12 Things to Always Remember
The things worth remembering are rarely complicated. But we forget them consistently, especially when life is hard. These 12 things are worth returning to.
There is a category of truth that everyone knows and almost everyone regularly forgets — particularly in the moments when remembering it would help the most. These 12 things fall into that category. They are not complicated. They do not require a philosophy degree. They are the kinds of things you nod at when you read them and then completely fail to recall the next time life offers you the opportunity to apply them.
1. This Too Shall Pass
Whatever is happening right now — the painful thing, the overwhelming thing, the impossible-seeming thing — will not feel the way it feels right now indefinitely. Every experience in your life to date has eventually changed or ended, including the ones that felt permanent while they were happening. “This too shall pass” is not a dismissal of present difficulty; it is a genuine historical observation about the nature of your life so far, and the likelihood that it will continue to apply.
2. You Are Not What People Think of You
The opinion others hold of you — even when expressed confidently, even when delivered by people you respect — is a story those people have formed about you from incomplete information, through the lens of their own experiences and projections. It is data, not truth. The parts of you that are real exist independent of whether anyone can see them accurately. Other people’s inability to see you clearly is not evidence about who you are.
3. Most People Are Doing Their Best with What They Have
The person who frustrates you, disappointed you, or hurt you is almost certainly not the villain in a story where they know they’re the villain. They are operating from their own history, their own limitations, their own fears. This does not mean their behavior is acceptable or that you are required to tolerate it. It does mean that understanding the source of behavior is more useful than condemning it.
4. Comparison Is a Waste of the Life You Actually Have
When you compare your situation to someone else’s, you are comparing your interior experience — which you know in full — to someone else’s exterior presentation — which you know partially and inaccurately. No comparison made on this basis is valid information about your life’s quality. The person whose life looks better than yours is probably comparing their interior to someone else’s exterior and arriving at the same miserable conclusion.
5. The Kindest Thing You Can Do Is Pay Attention
Most of what people need from each other is not complex: to be seen, to be heard, to matter to someone else enough that someone notices what is happening for them. Attentive presence — actually looking, actually listening, actually being there — is a rarer form of kindness than grand gestures, and it is the one that people remember.
6. Your Body Needs Care to Be There When You Need It
The body that is expected to carry you through difficulty, to work under pressure, to recover from stress, and to show up for the people who depend on you — this body requires sleep, food, movement, and rest. Neglecting these things feels like an option when life is busy, and it eventually becomes clear that it was not. The maintenance your body needs is not optional; it is the price of having one.
7. Most of What You Worry About Will Not Happen
Studies on worry consistently find that the majority of what people spend anxious energy anticipating either never occurs or is significantly less bad than feared. The mind runs threat simulations as a protective function; it is not a reliable predictor of what the future actually holds. Worrying about something is not preparation for it — preparation is preparation.
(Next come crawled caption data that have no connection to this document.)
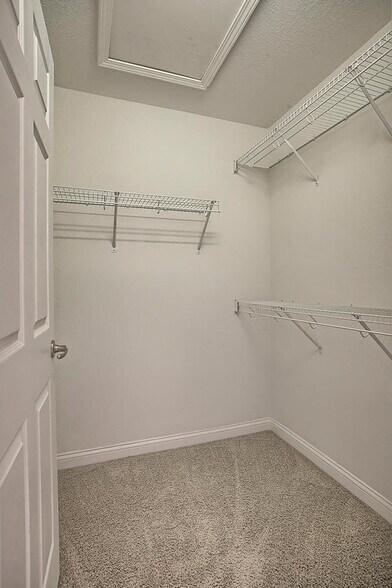 Building Photo - 703 N Prairie View Rd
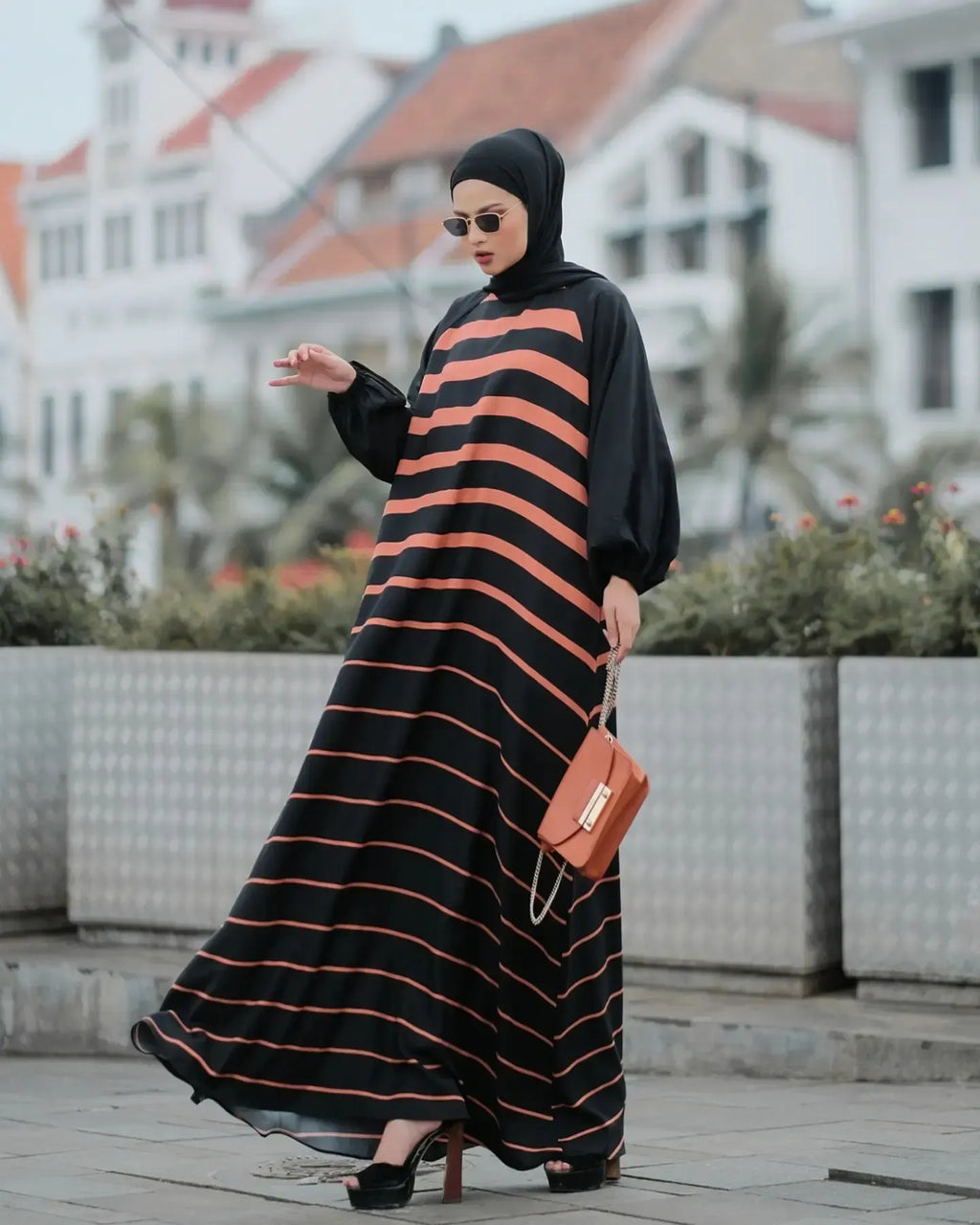 Peach Lines Abaya HAC_0128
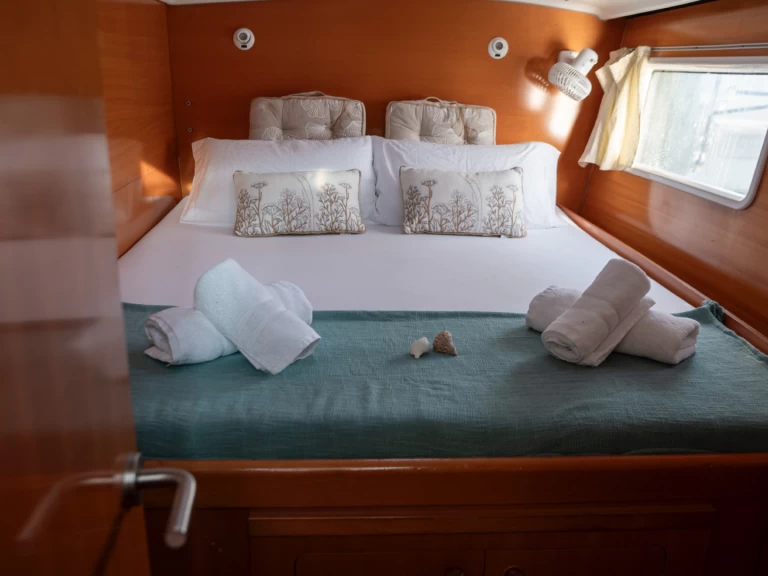 Huur een Lagoon Lagoon 380 S2 in Ibiza Town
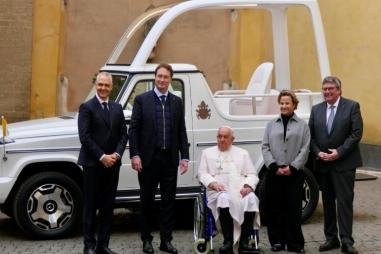 popemobile-810x500.jpg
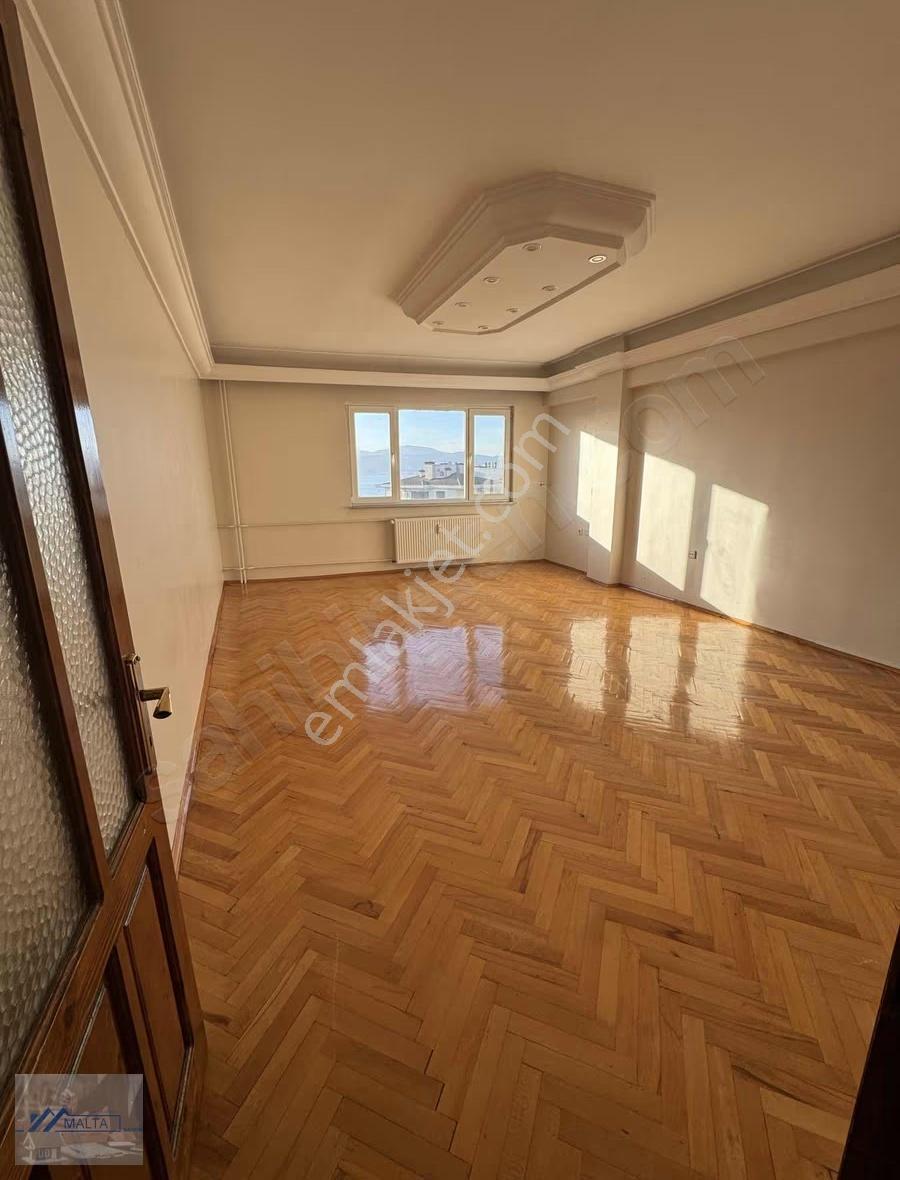 Deniz Manzaralı Geniş Aydınlık 3+1 Kiralık Daire - Görsel 26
Worry is just expenditure.
8. The People You Love Know It Best When You Show It, Not Say It
Love expressed in consistent, small actions — showing up, following through, noticing, being available — lands more permanently than love that is declared loudly and then absent in the ordinary days. The people you love remember how you behaved more clearly than they remember what you said you felt.
9. Mistakes Are Part of the Process, Not Interruptions to It
Every meaningful thing any person has ever built or become was built through a process that included mistakes, misjudgments, and failures along the way. The mistakes are not evidence that you should not have tried or that the effort was wrong — they are evidence that you were doing something real and learning from the results.
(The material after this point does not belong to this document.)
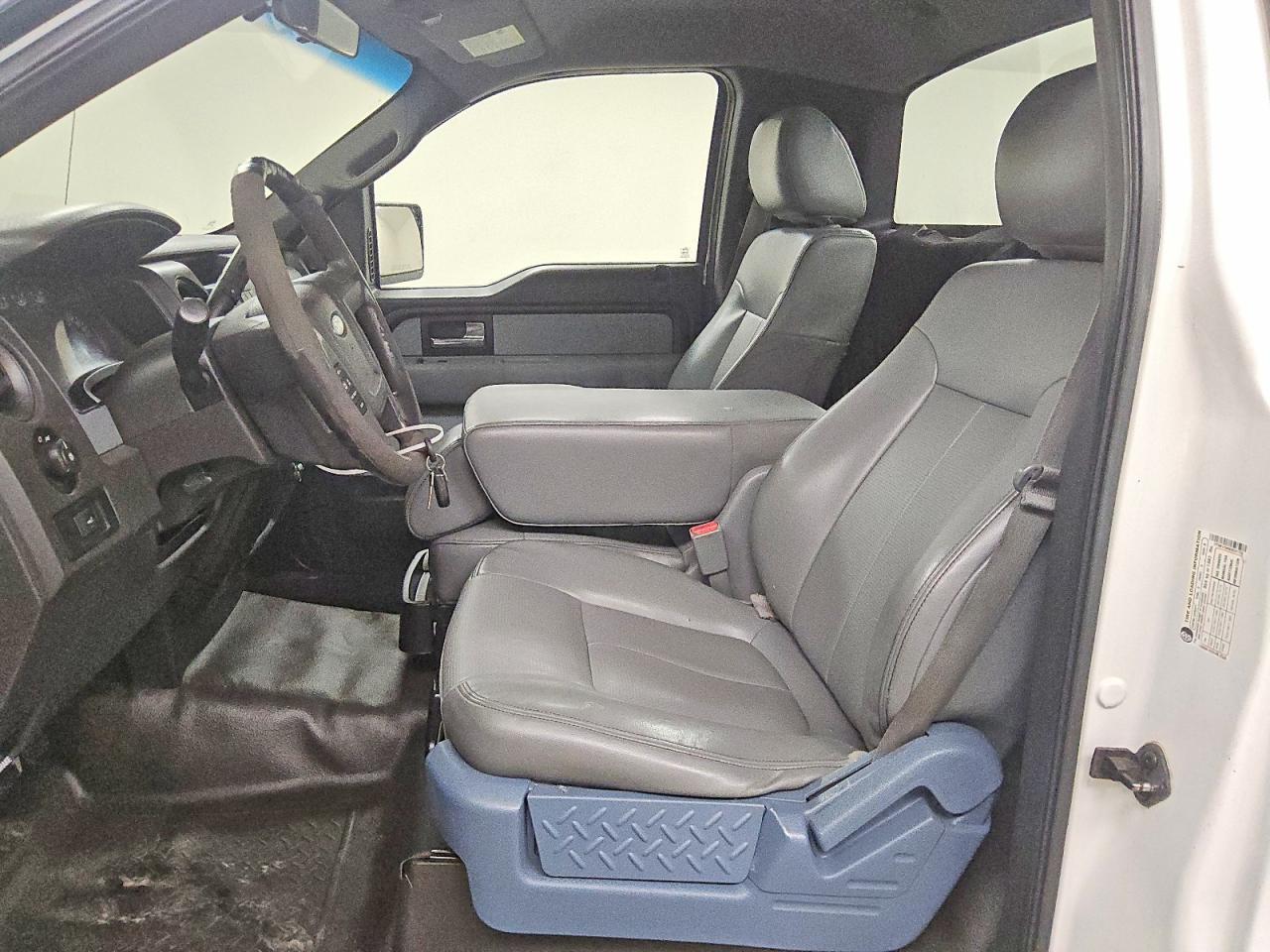 2014 Ford F150 - Фото 7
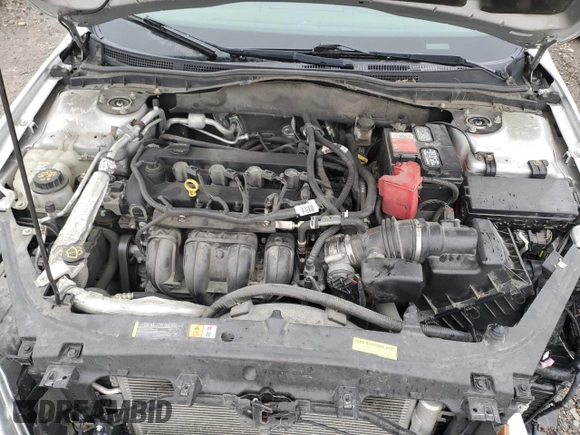 2011 Ford Fusion SE with VIN 3FAHP0HA3BR254872, listed as a Copart auction lot 88966625 with 140,360 mi miles and Salvage Title. Bid and sale history available at DreamBid. Image 11.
10. You Will Not Get This Time Back
Not in a paralyzing way — just as a practical observation. The years move faster than you expect. The ordinary Tuesday you take for granted is also, from a future vantage point, a day you would pay something to have back. The people you have right now will not always be available in the way they are now. Pay attention to what is happening in the life you are currently living.
11. Asking for Help Is Not Weakness
The belief that needing help is a failure of self-sufficiency is one of the most reliably harmful beliefs a person can hold. Every human being who has achieved anything significant did so with the help of others. Every human being who has survived difficulty did so better when supported than when isolated. Asking for help is the recognition that you are human and that being human is enough.
12. You Are Already Enough for This Moment
Not for every ambition or every version of yourself you are working toward — those are worth pursuing. But for right now, in the moment you are actually in, you are sufficient. Whatever you bring to this day — your experience, your limitations, your particular combination of strengths and struggles — is enough for what this day actually requires of you. The rest can be developed. The moment is already yours.